If the unbelievers are Jews that “fall away” by returning to Judaism, how can the writer say that they are turning away from the living God? The Jews do recognize God. The point is that Judaism no longer presents the true revelation from God, it is inferior to the revelation that comes through Jesus in “these last days” (from 1:1-3).
A possible solution to the possibility of unbelief in the community of believers is that the “encourage each other daily.” The “daily” exhortation underscores the meaning of the word, this is an active effort on the part of the community of believers to help each other with their Christian walk. There is a positive aspect to this word (encouragement), but also a negative aspect, a pushing toward spiritual excellence which may take the form of a shove!
In the modern church we tend to think of the pastor as a professional exhorter, as long as he doesn’t get too personal or call during dinner or the football game to exhort us. Half an hour on Sunday is fine for most people (just don’t mention “sin”). This text says that the community ought to encourage the community. Mutual encouragement, but also exhortation – a sort of positive peer-pressure that encourages growth and development of a deeper relationship with God and each other.
The writer of Hebrews describes a whole church talking to each other and trying to keep each other from sin, a network of accountability that is virtually unknown in the modern church.
What are the people to encourage? That we not be deceived by sin and harden our hearts. Sin is deceitful, it is seductive. Satan does not appear as a slobbering evil dragon demanding your soul, he appears as an angel of light, a really nice guy with a good plan to help humanity, or maybe to help your family. He takes the truth and twists it into a sin that looks pretty good!
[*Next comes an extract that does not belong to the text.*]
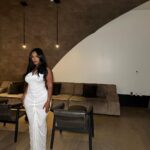 Miracle Watts Instagram – I only deserve the best …
Dress @miracleskloset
Sin is a subtle deception, those are the best kind.
But if your community of believers is daily encouraging you not to harden your heart, it is much easier to do the right thing and avoid sin. I am not sure modern Christian communities are very good at this encouragement. On the one hand, they can become very legalistic and judgmental, even demanding of their members (to the point of being more like a cult than the Body of Christ). On the other hand, some churches are so lax in this sort encouragement that there is no call to deal with the flesh, nor any preaching on sin in the life of the believer. As they say these days, “it’s all good.”
It is not all good, it never was. Believers need to return to this sort of mutual encouragement for the building up of the Body of Christ. Does is local church always an community? How might this section of Hebrews be used to transform personal relationships?